EXTRACTED RECORDS:

________________________

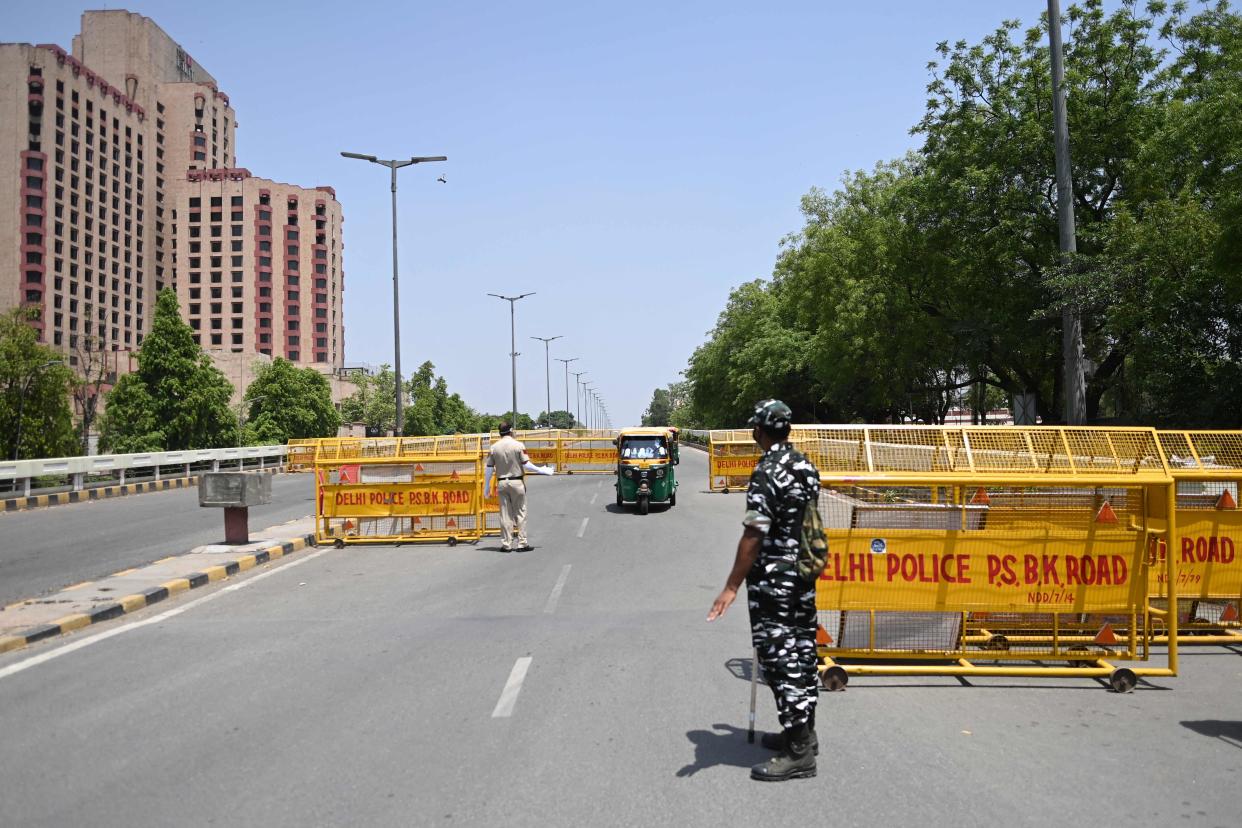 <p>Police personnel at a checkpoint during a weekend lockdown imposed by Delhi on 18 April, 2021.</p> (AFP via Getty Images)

________________________

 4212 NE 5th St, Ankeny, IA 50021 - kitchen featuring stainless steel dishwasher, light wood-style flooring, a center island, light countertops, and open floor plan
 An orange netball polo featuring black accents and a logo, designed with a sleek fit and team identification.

________________________

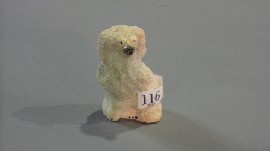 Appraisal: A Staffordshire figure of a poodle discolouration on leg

________________________

THE PROBLEM: Everything starting at the line containing "4212 NE 5th" and ending at the line containing "An orange netball" in the records above should be repeated exactly, and only that.

WORKED SOLUTION:
 4212 NE 5th St, Ankeny, IA 50021 - kitchen featuring stainless steel dishwasher, light wood-style flooring, a center island, light countertops, and open floor plan
 An orange netball polo featuring black accents and a logo, designed with a sleek fit and team identification.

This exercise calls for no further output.